Biography:Chengpu Yu received the B. E. and M. E. degrees from the University of Electronic Science and Technology of China, in 2006 and 2009, respectively, and the Ph.D. degree from Nanyang Technological University, Singapore, in 2014. From June 2014 to August 2017, he has been a PostDoc at Delft Center for Systems and Control, The Netherlands. He is currently a professor with School of Automation, Beijing Institute of Technology, China. His research interests include system identification and reinforcement learning.He has authored/co-authored more than 60 journal articles, and two research monographs on system identification. He has received the First Prize in Natural Science from the Chinese Association of Automation and the First Prize in Natural Science from the Ministry of Education in 2022. He is currently serving as associate editors of Control Theory and Technology, Journal of Systems Science and Complexity, and IEEE CSS Conference Editorial Board.
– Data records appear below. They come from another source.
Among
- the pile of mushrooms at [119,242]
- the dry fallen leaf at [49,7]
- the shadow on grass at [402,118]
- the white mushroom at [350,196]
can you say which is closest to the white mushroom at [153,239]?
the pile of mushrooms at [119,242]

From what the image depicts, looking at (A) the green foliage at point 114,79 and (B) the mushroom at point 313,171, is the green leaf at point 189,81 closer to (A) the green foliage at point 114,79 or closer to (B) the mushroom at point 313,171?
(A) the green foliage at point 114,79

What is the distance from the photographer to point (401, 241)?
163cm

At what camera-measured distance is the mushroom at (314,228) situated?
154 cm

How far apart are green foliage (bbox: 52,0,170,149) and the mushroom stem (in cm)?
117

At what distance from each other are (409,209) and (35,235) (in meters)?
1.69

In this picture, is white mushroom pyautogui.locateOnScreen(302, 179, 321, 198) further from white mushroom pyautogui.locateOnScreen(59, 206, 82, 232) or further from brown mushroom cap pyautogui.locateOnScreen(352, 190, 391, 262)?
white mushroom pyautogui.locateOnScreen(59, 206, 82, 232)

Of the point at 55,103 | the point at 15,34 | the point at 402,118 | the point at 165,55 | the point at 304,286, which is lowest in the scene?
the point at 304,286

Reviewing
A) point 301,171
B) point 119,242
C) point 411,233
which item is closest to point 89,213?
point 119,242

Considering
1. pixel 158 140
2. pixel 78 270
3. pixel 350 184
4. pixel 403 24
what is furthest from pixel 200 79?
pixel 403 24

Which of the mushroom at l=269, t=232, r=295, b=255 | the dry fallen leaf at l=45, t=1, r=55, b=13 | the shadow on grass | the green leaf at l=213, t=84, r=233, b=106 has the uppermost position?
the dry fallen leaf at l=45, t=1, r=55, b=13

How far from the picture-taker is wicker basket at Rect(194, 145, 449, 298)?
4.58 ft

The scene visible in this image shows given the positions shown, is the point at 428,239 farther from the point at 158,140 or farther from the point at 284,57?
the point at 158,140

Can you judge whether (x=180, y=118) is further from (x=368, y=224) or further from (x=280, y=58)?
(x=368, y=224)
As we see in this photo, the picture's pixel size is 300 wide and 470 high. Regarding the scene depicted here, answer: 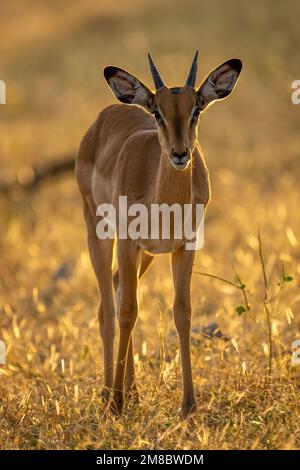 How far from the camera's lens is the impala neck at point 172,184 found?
5.95 m

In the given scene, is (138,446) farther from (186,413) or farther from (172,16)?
(172,16)

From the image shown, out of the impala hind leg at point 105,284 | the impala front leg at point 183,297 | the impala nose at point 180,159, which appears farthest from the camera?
the impala hind leg at point 105,284

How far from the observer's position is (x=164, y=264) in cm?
1064

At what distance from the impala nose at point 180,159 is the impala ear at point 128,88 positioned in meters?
0.58

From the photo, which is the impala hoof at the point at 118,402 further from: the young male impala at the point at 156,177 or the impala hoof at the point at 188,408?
the impala hoof at the point at 188,408

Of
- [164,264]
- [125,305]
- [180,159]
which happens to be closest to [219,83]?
[180,159]

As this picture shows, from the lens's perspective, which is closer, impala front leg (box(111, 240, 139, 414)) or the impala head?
the impala head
Topic:Intelligent Modeling of Carbon Efficiency in the Sintering Process
Jie Hu
China University of Geosciences
Abstract:The sintering process represents a typical industrial process. This process involves numerous complex characteristics, such as multiple parameters, nonlinearity, and multiple operating conditions, etc. In order to effectively enhance the energy utilization rate of this process, it is necessary to conduct an effective prediction of carbon efficiency. Therefore, a series of carbon efficiency intelligent prediction models based on artificial intelligence algorithms have been proposed. It laid the foundation for achieving energy conservation and emission reduction in the sintering process.
Biography:Jie Hu received the B.S. degree in automation and the Ph.D. degree in control science and engineering from China University of Geosciences, Wuhan, China, in 2015 and 2020, respectively. He was a joint Ph.D. student with the Department of Electrical and Computer Engineering, University of Alberta, Edmonton, AB, Canada, from 2018 to 2020. He was a Post-Doctoral Fellow of control science and engineering, China University of Geosciences, from 2020 to 2022, where he is currently a Professor with the School of Automation. His current research interests include process control, intelligent control, and computational intelligence. He was recipient of the Best Paper Award of the IEEE International Conference on Industrial Technology in 2025 and the Young Researcher Award of the 13th China-Japan International Workshop on Information Technology and Control Applications in 2020.